*** Exercise material ***
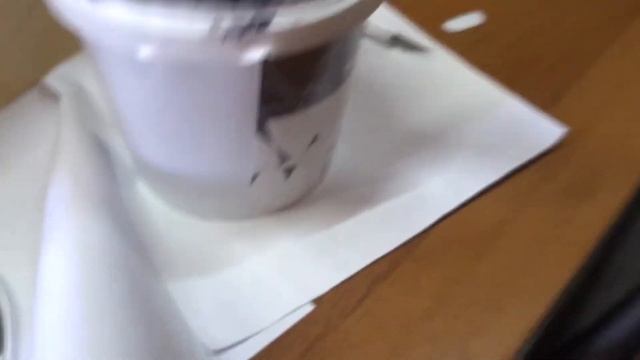 Жестокий тест каучуковой однокомпонентной гидроизоляции от Форум Хаус. И все таки мы ее порвали! смотреть онлайн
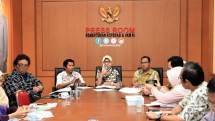Kemenkop dan UKM Rilis Skema Baru Penyaluran KUR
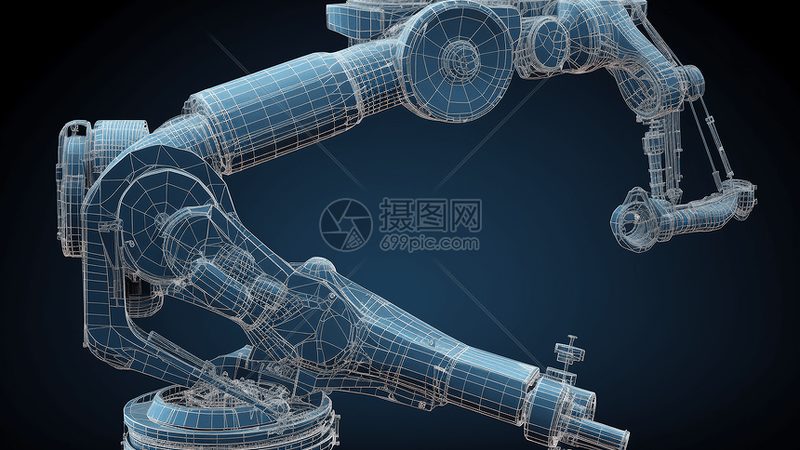 数控车铣复合机床：揭秘其核心优势与选型要点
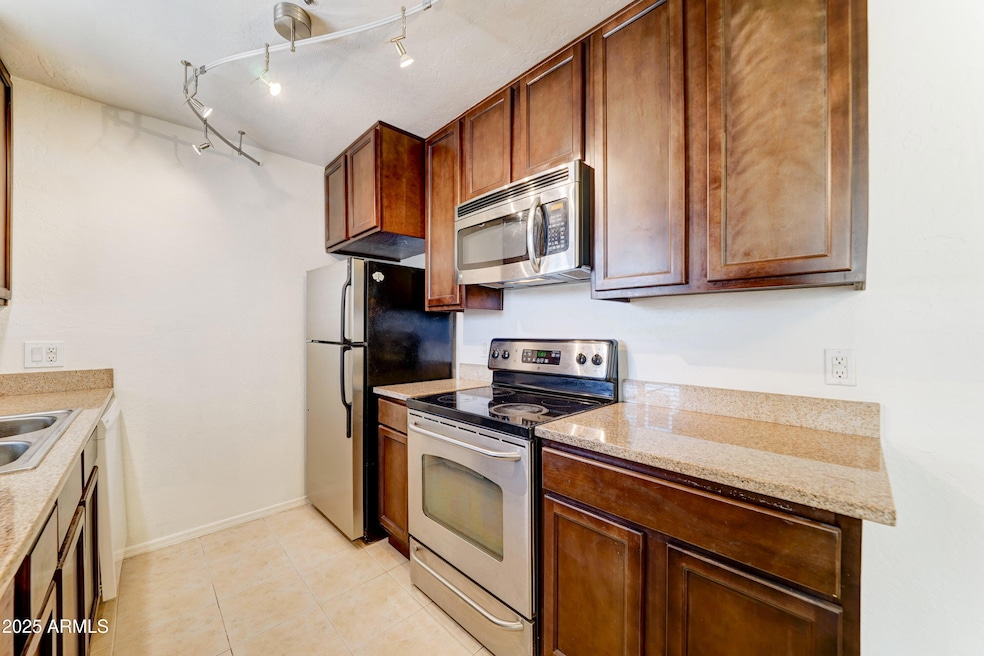 141445 N 92nd St #2147-6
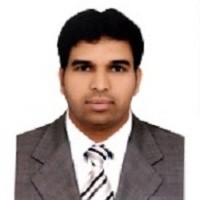 Shafi Uddin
*** End of Exercise material ***
#### Task details
Every record above should be set down exactly, with the pictures left out.

#### Response for this exercise
 Жестокий тест каучуковой однокомпонентной гидроизоляции от Форум Хаус. И все таки мы ее порвали! смотреть онлайн
Kemenkop dan UKM Rilis Skema Baru Penyaluran KUR
 数控车铣复合机床：揭秘其核心优势与选型要点
 141445 N 92nd St #2147-6
 Shafi Uddin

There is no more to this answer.